Given data:
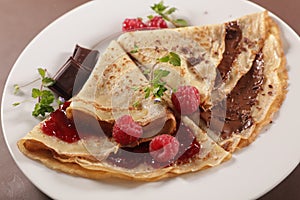 Crepe with chocolate spread and raspberry fruit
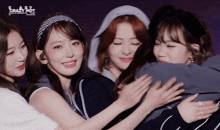 a group of girls hugging each other with the words easy crazy hot written on the bottom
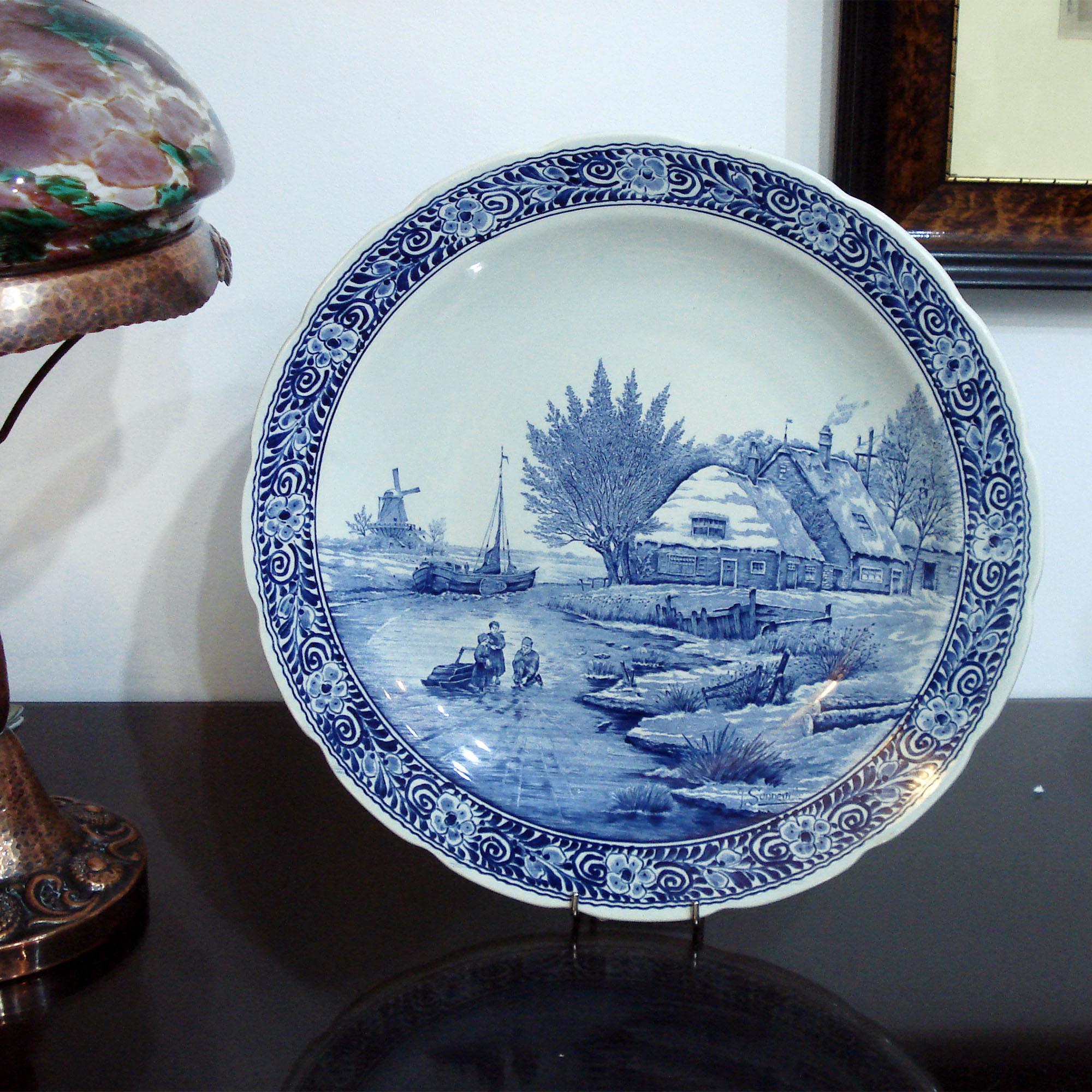 Vintage large wall hanging plate by Delfts Royal Sphinx. Hand painted decorative floral border, center design in transfer ware technique. Blue and white cottage scene, Dutch windmill and boat, people skating on the frozen lake. Hanging wire on the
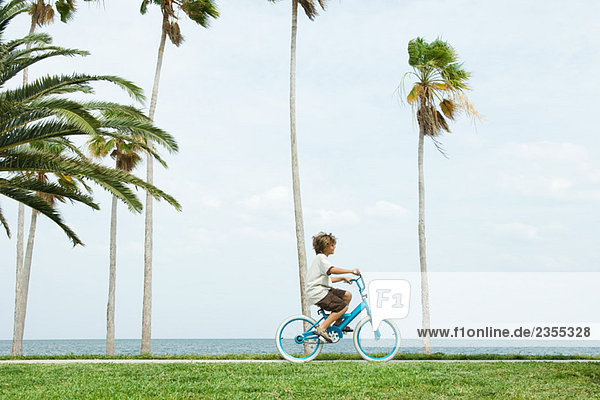 Junge mit Fahrrad am Strand  Seitenansicht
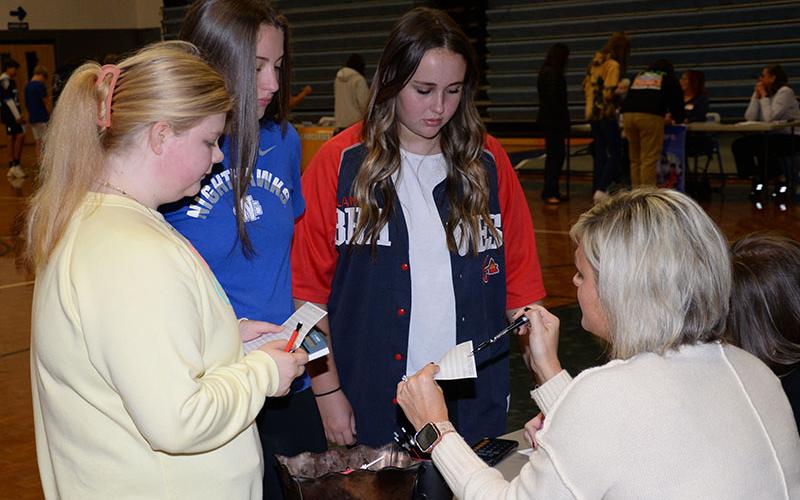 Lyla Webb, Bridgette Allen and Cheyenne Beavers get help from Stacy Lewis of Mountain Valley Community Bank during Reality Day at Fannin County High School last week.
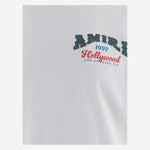 T-SHIRT IN COTONE CON STAMPA LOGO AM426JR034 003O AMIRI 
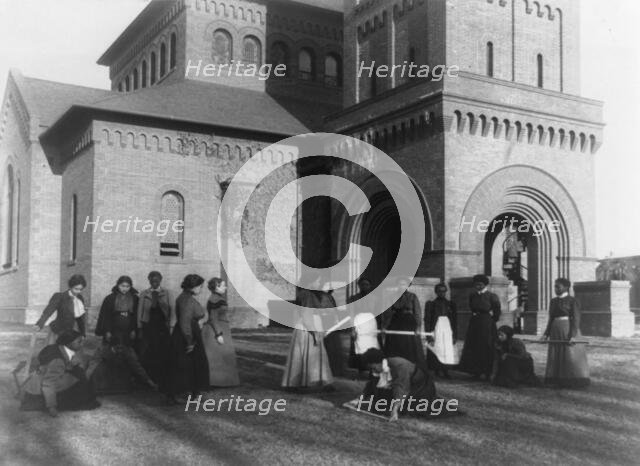 Girls measuring piece of ground in arithmetic class at Hampton Institute, Hampton, Va., 1899 or 1900 Creator: Frances Benjamin Johnston.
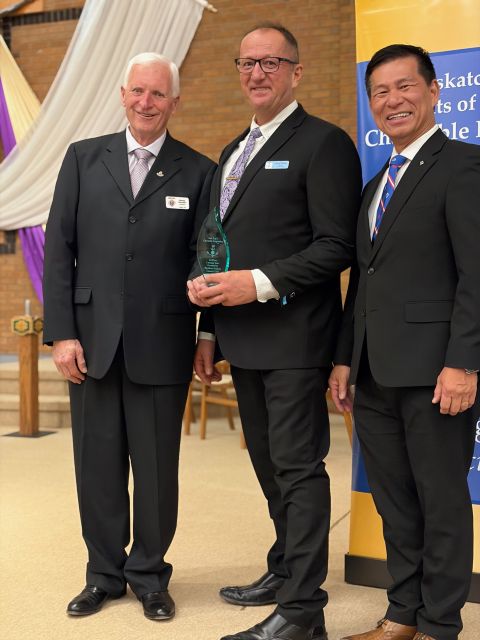 Awards Presented 4 Davidson/Outlook Council 5384 - PSD Larry Packet accepts the award for Grand Knight David Alm, Sask K of C Charitable Foundation President Harvey Grantier, and Supreme Representative Toni Pascua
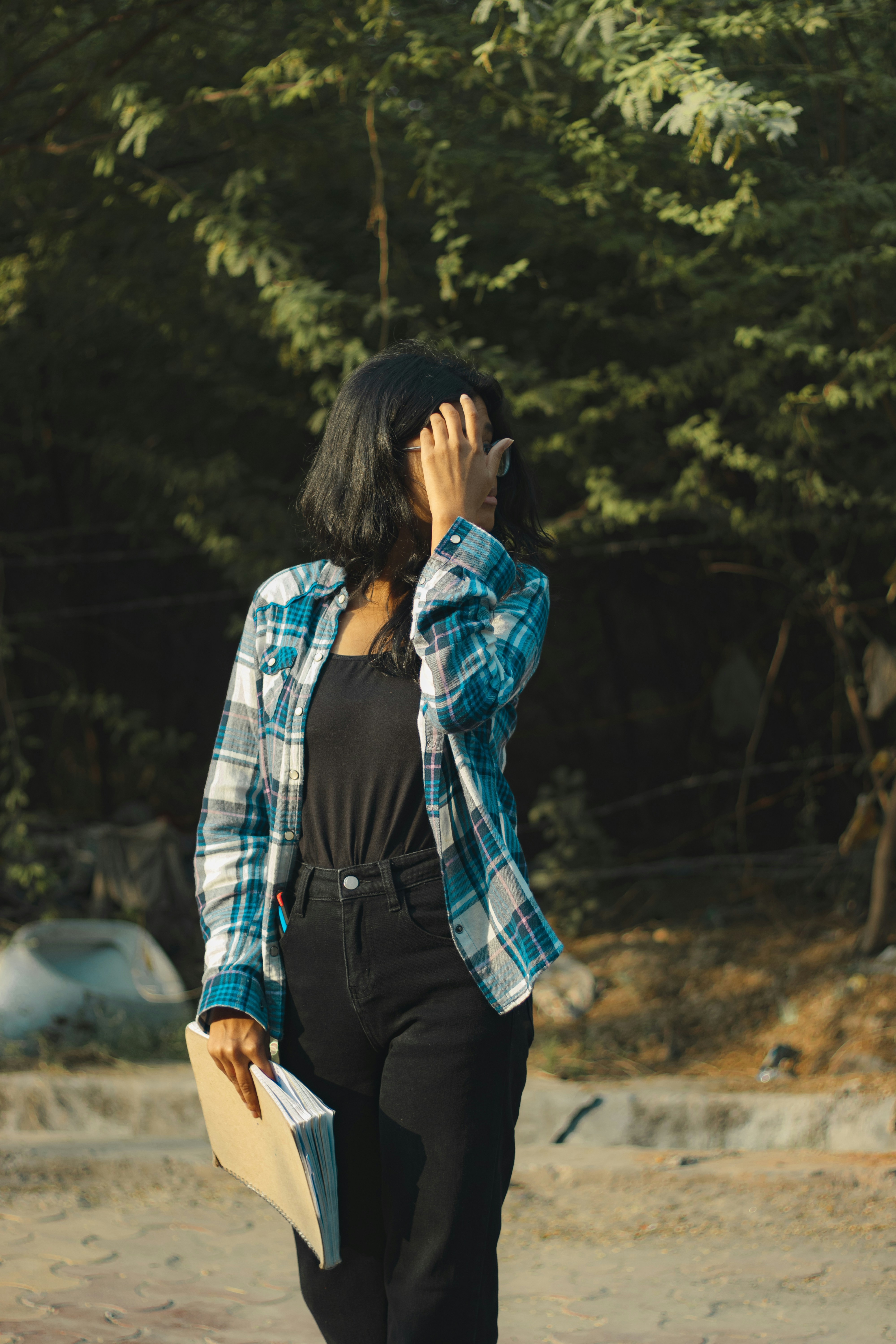 a woman walking while talking on a cell phone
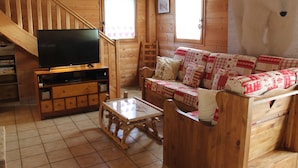 Interior de una cabaña de madera con una televisión sobre un mueble de madera, un sofá con cojines estampados, una mesa de madera y una escalera.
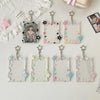 Collection de porte-photos en acrylique transparent avec différents éléments décoratifs et pendentifs en forme d'étoile.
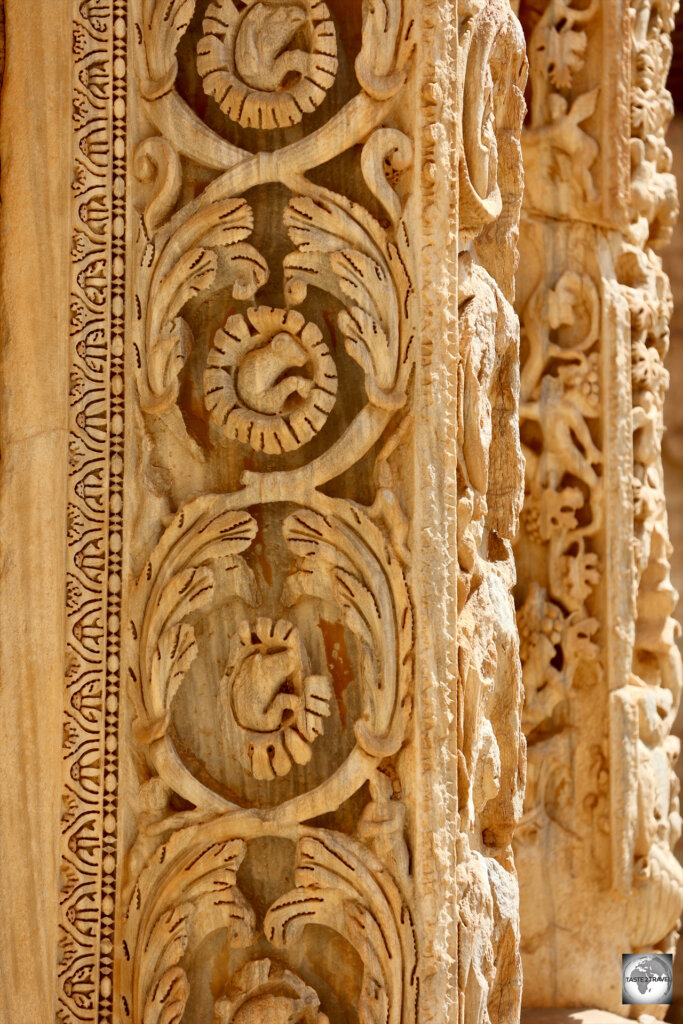 The intricately carved Column of Dionysus stands at the entrance to the Severan Basilica .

What the task requires: In the copy, include exactly the lines from the one containing "a woman walking" through the last line of the records, and no pictures or other text.

Solution below:
 a woman walking while talking on a cell phone
 Interior de una cabaña de madera con una televisión sobre un mueble de madera, un sofá con cojines estampados, una mesa de madera y una escalera.
 Collection de porte-photos en acrylique transparent avec différents éléments décoratifs et pendentifs en forme d'étoile.
 The intricately carved Column of Dionysus stands at the entrance to the Severan Basilica .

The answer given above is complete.